The MC samples used to estimate single-top and \(t\bar{t}\) production are statistically limited for dilepton invariant masses above 1 TeV. Therefore, fits to the \(m_{\ell \ell ^{\prime }}\) distribution using monotonically decreasing functions are used to extrapolate those backgrounds to the region \(m_{\ell \ell ^{\prime }}>1\) TeV. Two functional forms are investigated, chosen for their stability when varying the fit range and for the quality of the fit:

$$\begin{aligned} \mathrm {e}^{-a} \cdot m_{\ell \ell ^{\prime }}^b \cdot m_{\ell \ell ^{\prime }}^{c\cdot \mathrm {ln}(m_{\ell \ell ^{\prime }})} \quad \mathrm {and} \quad \frac{a}{(m_{\ell \ell ^{\prime }}+b)^c}\;, \end{aligned}$$
(2)

where a, b and c are free parameters in the fit. A study of the stability of the fit was performed by varying the lower and upper limits of the fit range between 200–300 GeV and 1000–1200 GeV in 25 GeV steps, respectively. The stitching point between the MC estimation and the fit is chosen to be at 900 GeV for the top quark background. The nominal extrapolation is then taken to be the median of all the tested fit ranges using both functional forms. Good agreement is found between the fit prediction and the available MC events. The addition in quadrature of the fit parameter uncertainties and the RMS of all fit variations is assigned as a systematic uncertainty.

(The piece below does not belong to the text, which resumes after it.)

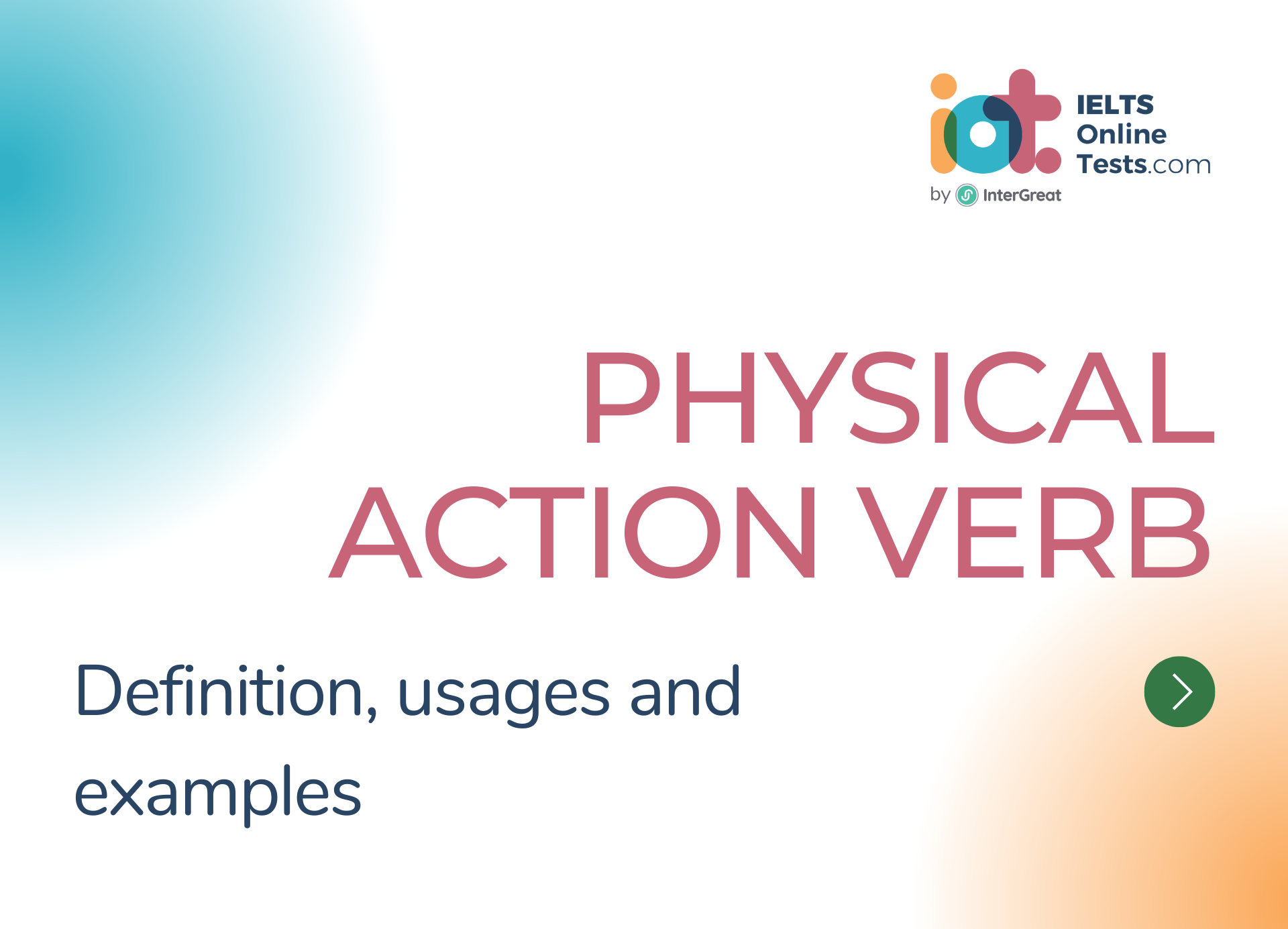 Physical action verb definition and examples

The contribution from reducible backgrounds originate mainly from \(W\)+jets and multi-jet processes. The background of muons originating from hadronic decays is found to be negligible compared to the contribution from fake electrons and taus. Therefore, in the \(e\mu \) channel, where the contribution of the reducible background is expected to be small, these non-prompt muons are neglected. The reducible background in that channel is then reduced to events with one prompt muon and a jet faking an electron. This background contribution is usually not well modelled by MC simulation.

For the \(e\mu \) channel, a technique known as the matrix method, described in Ref. [27], is employed. Exclusive samples are defined by loosening the selection criteria for electron candidates. Here the matrix method involves two parameters that need to be determined as a function of electron \(p_{\mathrm {T}}\): the probability of a loose electron to pass the full object selection, the so-called real electron efficiency (\(\epsilon _{\mathrm {R}}\)), and the probability of a jet fulfilling the loose electron selection criteria to pass the full selection, known as the electron fake rate (\(\epsilon _{\mathrm {F}}\)). The former is evaluated from MC simulation, while the latter is evaluated in a data sample dominated by multi-jet events. To construct this multi-jet control sample, it is required that \(E_{\mathrm {T}}^{\mathrm {miss}}<25\) GeV and \(m_{\mathrm {T}}<50\) GeV in order to suppress the \(W\)+jets contribution. Contamination from \(W\)+jets and other SM background processes (top, diboson, and \(Z\rightarrow \ell \ell \)) is subtracted using MC predictions.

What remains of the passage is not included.